Let’s take, for example, 2012. Depending on how you look at it, this year will bring either the end of civilization or a quantum change in consciousness. If you can’t buy either scenario, you can dream about 2112, or, conversely, cast your fancy backward to 1189.
On the mathematical front, we’ve got pi, the pumped-up world of pre-algebra, and the fabulous Fibonacci numbers, to name but a few. You’ll also find practical math manuals, just in case you’re not ready for the calculus wars. But when you are, we’ve got that covered, too.
The more I look around, the more numbers I see, and it’s both exciting and dizzying to uncover more and more of them everywhere I go. Of course, folks who write series fiction, like Janet Evanovich and James Patterson are easy to spot, but let’s not forget all those filmmakers who have favored us with countless sequels.

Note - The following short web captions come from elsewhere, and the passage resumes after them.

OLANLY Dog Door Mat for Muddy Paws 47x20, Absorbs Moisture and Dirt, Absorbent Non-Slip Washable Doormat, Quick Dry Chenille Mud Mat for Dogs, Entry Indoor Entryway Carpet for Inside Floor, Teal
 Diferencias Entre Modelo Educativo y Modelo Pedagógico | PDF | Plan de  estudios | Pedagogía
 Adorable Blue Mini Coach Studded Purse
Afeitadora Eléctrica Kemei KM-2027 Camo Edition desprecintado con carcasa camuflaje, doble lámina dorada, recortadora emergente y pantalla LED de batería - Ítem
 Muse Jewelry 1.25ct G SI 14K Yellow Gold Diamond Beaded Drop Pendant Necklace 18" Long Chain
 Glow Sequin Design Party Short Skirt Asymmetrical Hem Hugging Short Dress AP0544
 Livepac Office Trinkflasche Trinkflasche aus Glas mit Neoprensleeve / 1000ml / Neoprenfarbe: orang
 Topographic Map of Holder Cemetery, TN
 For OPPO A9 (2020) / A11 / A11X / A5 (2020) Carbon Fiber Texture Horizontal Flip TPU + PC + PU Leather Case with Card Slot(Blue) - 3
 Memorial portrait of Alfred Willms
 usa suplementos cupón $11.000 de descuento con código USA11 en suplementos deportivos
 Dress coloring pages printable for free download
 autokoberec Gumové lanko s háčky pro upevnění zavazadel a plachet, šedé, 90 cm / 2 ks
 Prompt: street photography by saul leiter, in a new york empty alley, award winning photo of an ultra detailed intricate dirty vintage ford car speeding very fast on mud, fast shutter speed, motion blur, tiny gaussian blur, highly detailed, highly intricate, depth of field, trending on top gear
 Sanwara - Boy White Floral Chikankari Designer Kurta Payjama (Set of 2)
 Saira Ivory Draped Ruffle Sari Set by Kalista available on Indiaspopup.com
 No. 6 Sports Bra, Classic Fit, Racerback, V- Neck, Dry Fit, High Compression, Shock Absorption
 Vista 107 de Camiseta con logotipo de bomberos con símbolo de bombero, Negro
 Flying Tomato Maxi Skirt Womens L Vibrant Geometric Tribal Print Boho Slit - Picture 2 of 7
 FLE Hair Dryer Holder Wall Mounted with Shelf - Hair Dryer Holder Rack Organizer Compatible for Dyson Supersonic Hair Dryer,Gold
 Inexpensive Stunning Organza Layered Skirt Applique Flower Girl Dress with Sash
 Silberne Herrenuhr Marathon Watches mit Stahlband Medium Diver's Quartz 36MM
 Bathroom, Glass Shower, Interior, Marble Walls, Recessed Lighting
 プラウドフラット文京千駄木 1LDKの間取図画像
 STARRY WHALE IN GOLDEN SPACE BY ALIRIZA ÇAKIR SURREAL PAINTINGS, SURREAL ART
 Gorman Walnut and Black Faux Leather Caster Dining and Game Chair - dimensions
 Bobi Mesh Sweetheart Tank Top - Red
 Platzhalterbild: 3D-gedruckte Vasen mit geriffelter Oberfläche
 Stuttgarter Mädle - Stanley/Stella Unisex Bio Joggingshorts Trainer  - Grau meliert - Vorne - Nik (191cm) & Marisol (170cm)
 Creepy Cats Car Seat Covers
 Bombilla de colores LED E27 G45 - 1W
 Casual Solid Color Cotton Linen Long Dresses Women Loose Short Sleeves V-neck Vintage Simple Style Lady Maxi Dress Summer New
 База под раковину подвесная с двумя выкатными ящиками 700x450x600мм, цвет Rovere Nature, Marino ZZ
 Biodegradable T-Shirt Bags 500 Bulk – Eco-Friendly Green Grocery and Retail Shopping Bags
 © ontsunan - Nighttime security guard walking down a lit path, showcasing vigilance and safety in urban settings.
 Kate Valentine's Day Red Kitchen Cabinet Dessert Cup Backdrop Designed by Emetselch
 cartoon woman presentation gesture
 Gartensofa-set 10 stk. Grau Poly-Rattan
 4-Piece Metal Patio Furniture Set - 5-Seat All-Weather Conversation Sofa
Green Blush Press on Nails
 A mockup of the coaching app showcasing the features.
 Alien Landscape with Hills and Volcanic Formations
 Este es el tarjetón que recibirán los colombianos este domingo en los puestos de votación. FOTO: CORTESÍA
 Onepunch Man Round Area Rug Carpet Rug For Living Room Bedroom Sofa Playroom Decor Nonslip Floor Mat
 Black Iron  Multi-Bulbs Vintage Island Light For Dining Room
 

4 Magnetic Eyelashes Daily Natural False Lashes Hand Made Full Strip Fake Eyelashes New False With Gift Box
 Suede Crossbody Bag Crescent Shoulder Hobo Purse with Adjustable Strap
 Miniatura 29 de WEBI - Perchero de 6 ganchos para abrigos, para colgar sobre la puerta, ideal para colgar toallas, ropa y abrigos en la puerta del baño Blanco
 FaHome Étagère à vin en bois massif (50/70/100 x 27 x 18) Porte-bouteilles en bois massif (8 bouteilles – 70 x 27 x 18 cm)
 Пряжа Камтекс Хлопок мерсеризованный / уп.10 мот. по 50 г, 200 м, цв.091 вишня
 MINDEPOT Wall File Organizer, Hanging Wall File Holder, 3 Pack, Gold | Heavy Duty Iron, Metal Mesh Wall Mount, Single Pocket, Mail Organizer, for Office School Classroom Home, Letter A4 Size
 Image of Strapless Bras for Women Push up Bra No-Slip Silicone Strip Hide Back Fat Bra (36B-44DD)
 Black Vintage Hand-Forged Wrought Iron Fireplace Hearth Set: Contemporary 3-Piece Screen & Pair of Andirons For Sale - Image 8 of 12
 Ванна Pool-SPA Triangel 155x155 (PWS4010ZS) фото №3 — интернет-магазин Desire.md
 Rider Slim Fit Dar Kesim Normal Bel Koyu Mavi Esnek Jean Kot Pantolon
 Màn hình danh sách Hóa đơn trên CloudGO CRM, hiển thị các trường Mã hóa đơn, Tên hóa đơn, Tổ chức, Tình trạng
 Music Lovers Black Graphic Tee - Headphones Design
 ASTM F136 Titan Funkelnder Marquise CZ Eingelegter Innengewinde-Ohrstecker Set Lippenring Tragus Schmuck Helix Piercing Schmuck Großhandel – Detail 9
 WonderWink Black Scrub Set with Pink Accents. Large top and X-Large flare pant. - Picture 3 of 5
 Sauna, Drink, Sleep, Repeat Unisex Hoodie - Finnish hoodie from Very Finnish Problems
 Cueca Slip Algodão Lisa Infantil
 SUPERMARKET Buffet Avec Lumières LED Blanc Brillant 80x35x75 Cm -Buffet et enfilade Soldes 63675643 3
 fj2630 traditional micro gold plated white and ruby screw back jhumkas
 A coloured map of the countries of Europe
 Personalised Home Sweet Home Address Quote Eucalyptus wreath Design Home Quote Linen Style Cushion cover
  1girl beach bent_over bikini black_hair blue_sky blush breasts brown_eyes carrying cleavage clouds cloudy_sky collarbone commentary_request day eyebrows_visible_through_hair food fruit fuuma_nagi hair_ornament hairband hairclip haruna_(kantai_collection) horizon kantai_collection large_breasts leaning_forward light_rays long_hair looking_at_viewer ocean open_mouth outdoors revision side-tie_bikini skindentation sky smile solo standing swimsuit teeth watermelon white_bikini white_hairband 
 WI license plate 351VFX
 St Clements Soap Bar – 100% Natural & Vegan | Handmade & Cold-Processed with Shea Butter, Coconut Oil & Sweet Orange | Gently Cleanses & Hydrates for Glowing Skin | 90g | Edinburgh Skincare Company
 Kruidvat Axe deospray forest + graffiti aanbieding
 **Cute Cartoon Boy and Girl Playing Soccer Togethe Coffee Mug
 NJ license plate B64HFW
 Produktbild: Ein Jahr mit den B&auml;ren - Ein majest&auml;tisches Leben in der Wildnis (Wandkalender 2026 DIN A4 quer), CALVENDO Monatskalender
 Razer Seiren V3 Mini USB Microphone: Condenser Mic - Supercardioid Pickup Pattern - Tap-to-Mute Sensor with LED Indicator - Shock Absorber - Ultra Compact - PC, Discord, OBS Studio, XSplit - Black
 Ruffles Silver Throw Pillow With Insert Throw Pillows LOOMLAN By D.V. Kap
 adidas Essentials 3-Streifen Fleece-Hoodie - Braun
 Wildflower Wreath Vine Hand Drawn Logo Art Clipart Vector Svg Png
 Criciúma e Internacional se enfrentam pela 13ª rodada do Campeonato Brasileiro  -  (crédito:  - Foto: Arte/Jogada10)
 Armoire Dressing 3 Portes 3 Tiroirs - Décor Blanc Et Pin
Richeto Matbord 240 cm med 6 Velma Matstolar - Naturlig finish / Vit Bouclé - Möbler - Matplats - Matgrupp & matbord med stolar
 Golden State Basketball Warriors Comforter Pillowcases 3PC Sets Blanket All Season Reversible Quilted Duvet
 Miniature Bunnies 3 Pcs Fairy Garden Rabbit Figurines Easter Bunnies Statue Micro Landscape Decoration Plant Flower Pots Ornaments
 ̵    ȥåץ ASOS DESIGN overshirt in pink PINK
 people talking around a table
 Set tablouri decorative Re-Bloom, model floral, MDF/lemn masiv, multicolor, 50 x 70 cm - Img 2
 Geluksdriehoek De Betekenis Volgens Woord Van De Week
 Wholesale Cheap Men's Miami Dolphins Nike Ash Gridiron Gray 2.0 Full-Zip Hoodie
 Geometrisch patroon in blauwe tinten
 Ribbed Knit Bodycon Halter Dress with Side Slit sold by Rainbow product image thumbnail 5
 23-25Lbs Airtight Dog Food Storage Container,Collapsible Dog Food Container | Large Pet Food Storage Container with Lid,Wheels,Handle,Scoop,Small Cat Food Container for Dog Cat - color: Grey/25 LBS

And, of course, you have to give a shout out to the British monarchy, if you’re going to get an accurate count.
Although I will probably always feel more comfortable in the realm of language than in the multifaceted kingdom of numbers, it’s exciting to find them co-existing on the shelves, woven in and out of each other like music (which is, arguably, the perfect marriage of both). It’s enough to make a person skip around the stacks, singing a little song:
“We’ve got algorithms, we’ve got music,
Words and numbers, who could ask for anything more?”
Okay, maybe not. But will this wordsmith do her very best to make sure your numerical needs are being met? You can definitely count on that.